Work to complete
Leaving out every picture, please repeat exactly the line that contains "迪南：凝固中世纪法国，时光回到布列塔尼荣耀，半木结构建筑如画" and each line after it through the final line below.

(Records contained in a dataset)
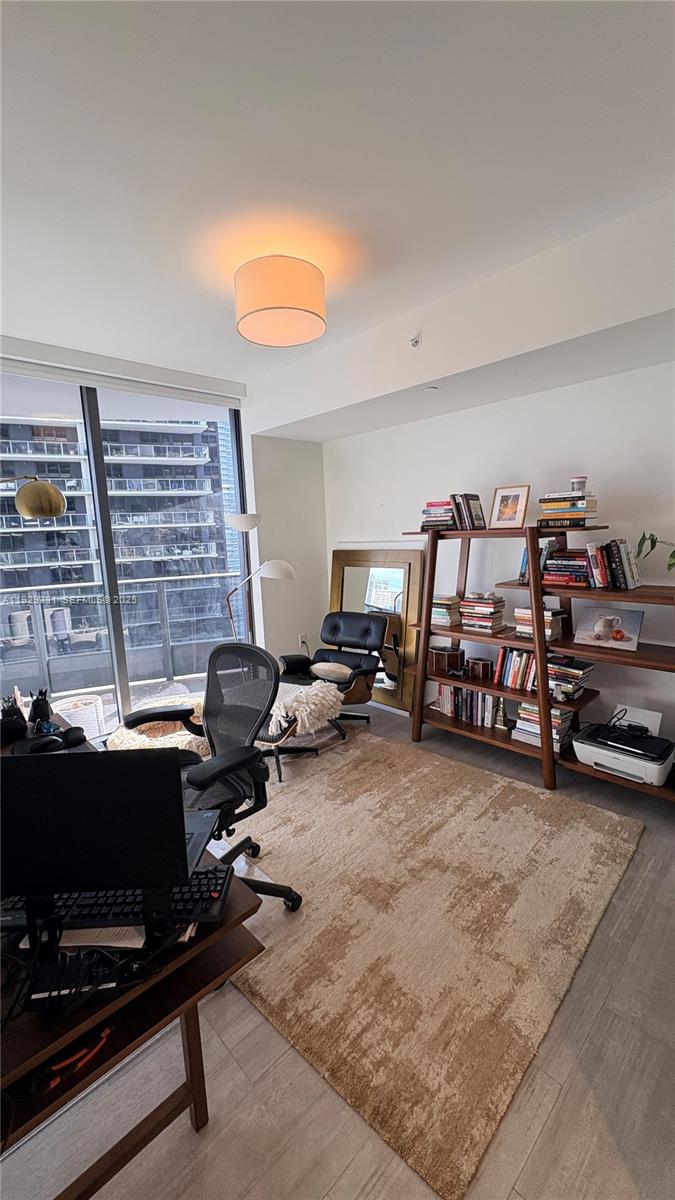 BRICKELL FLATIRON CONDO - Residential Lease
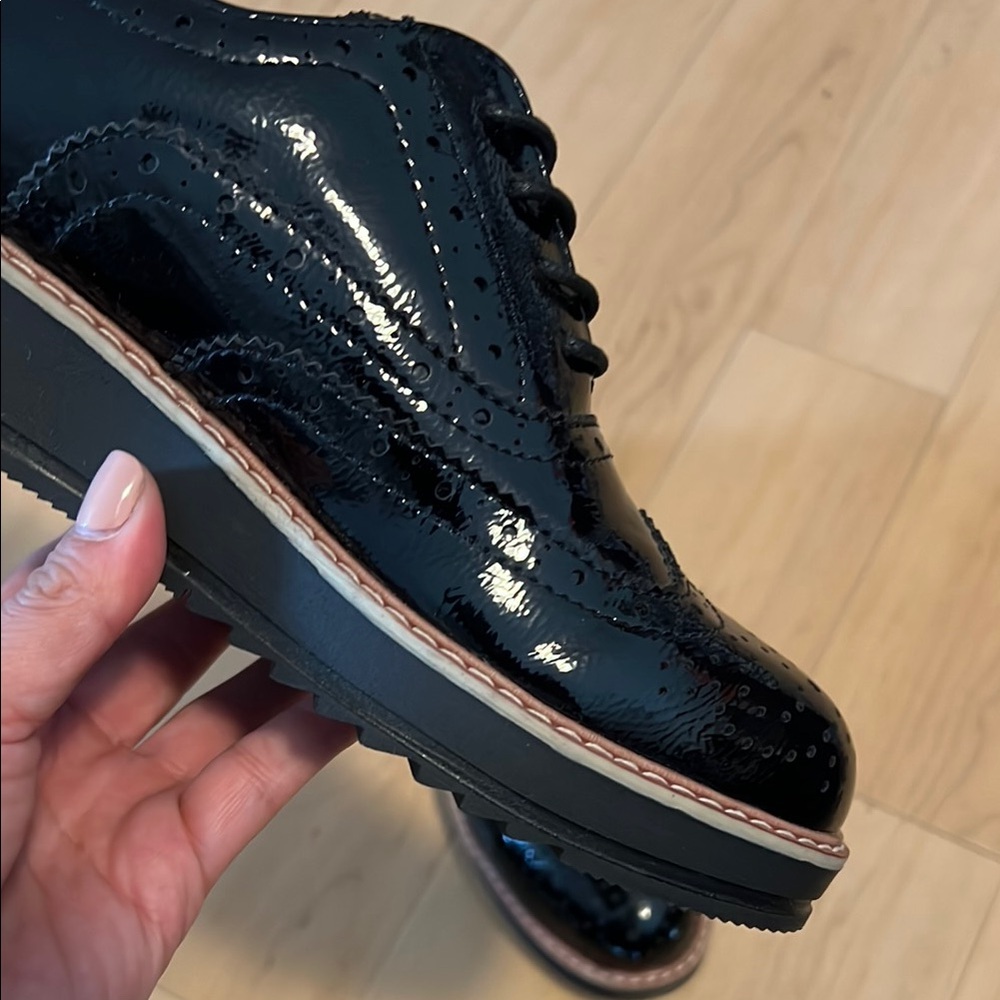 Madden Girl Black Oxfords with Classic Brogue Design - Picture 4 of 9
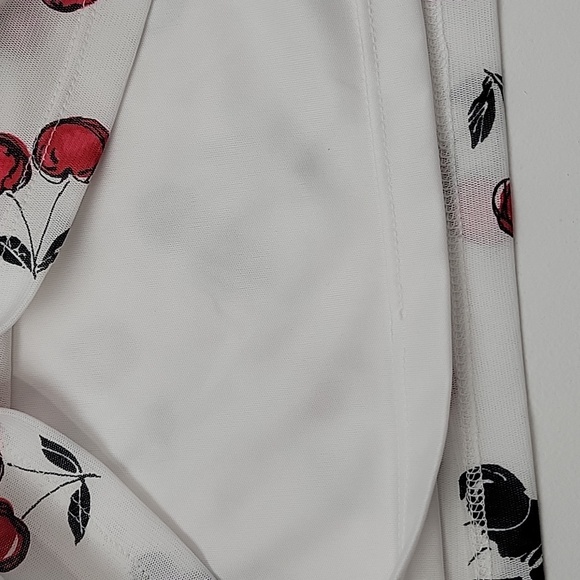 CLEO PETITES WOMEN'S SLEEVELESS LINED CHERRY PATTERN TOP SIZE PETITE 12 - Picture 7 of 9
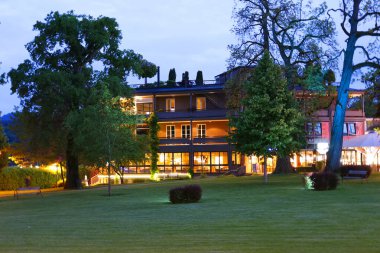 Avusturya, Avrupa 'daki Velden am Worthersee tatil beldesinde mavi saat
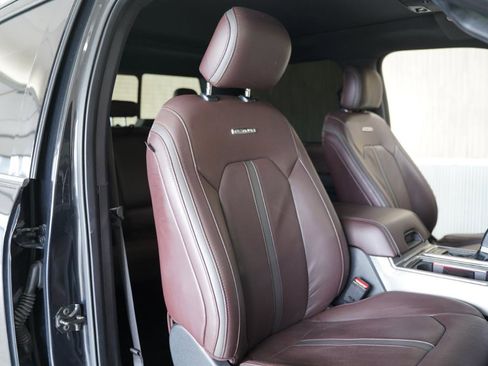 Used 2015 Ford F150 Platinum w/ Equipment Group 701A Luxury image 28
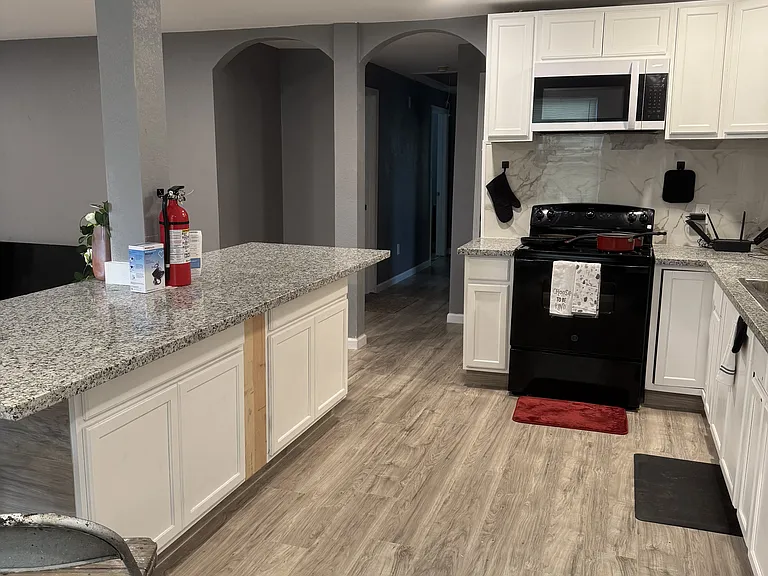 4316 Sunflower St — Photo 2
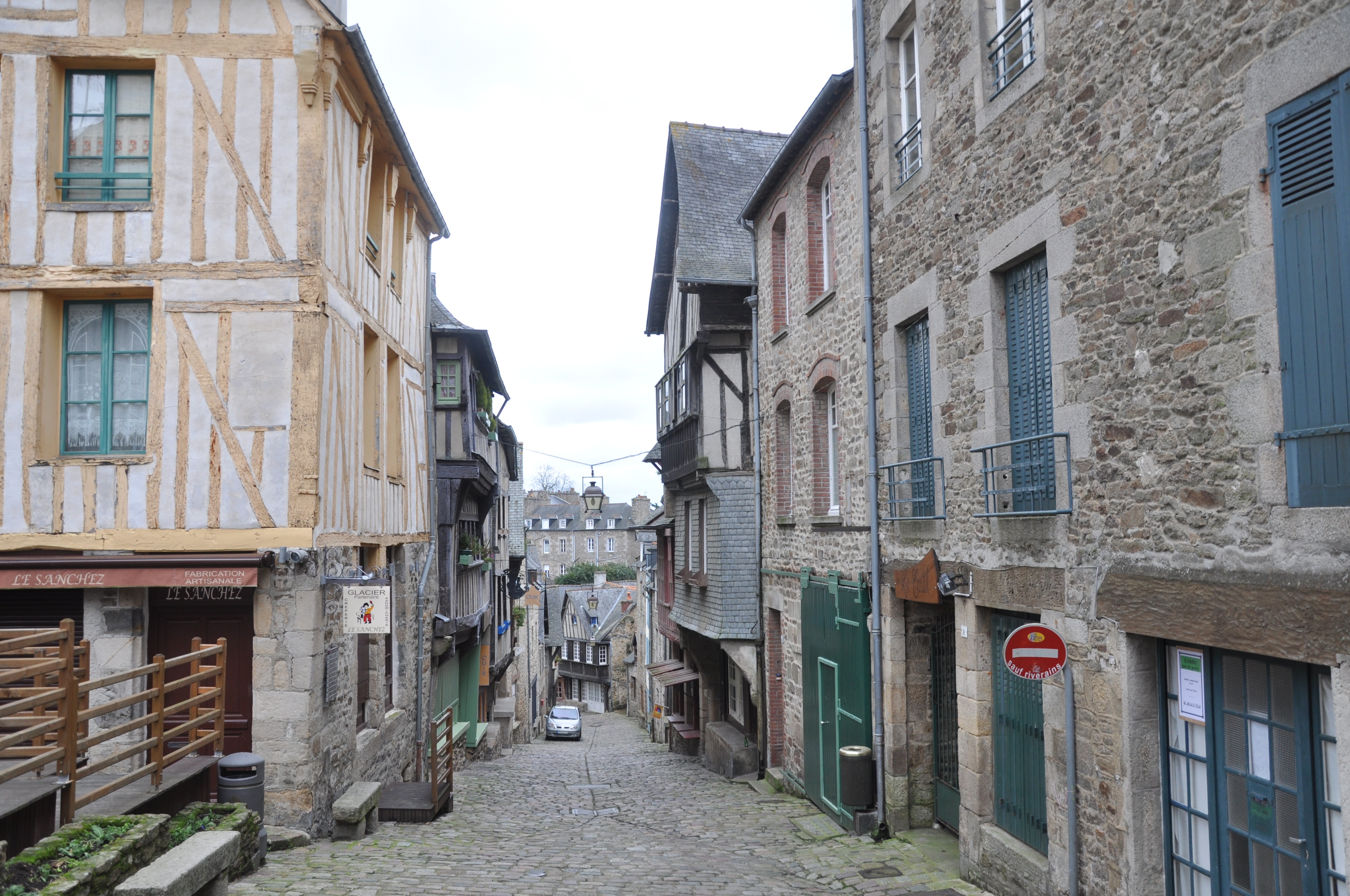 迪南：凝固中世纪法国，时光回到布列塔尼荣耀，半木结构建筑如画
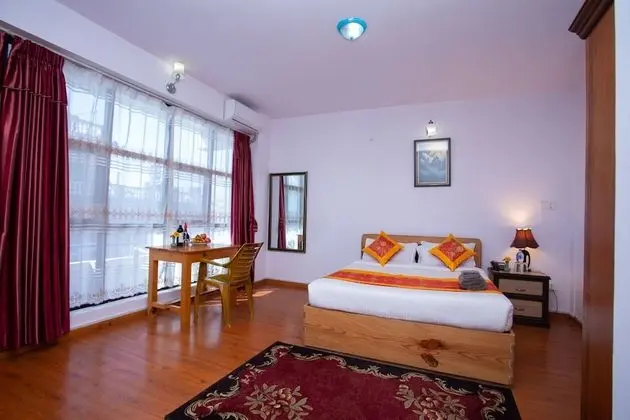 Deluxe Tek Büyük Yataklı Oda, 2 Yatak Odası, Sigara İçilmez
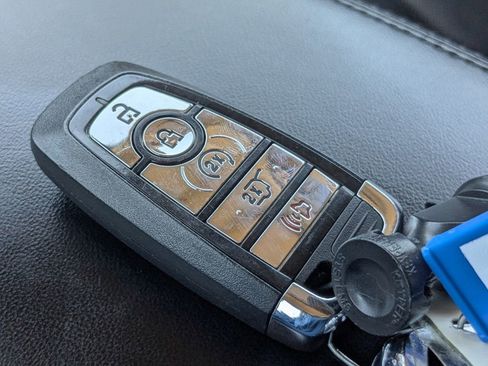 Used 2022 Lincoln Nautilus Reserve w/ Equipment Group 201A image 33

Completed exercise
 迪南：凝固中世纪法国，时光回到布列塔尼荣耀，半木结构建筑如画
 Deluxe Tek Büyük Yataklı Oda, 2 Yatak Odası, Sigara İçilmez
 Used 2022 Lincoln Nautilus Reserve w/ Equipment Group 201A image 33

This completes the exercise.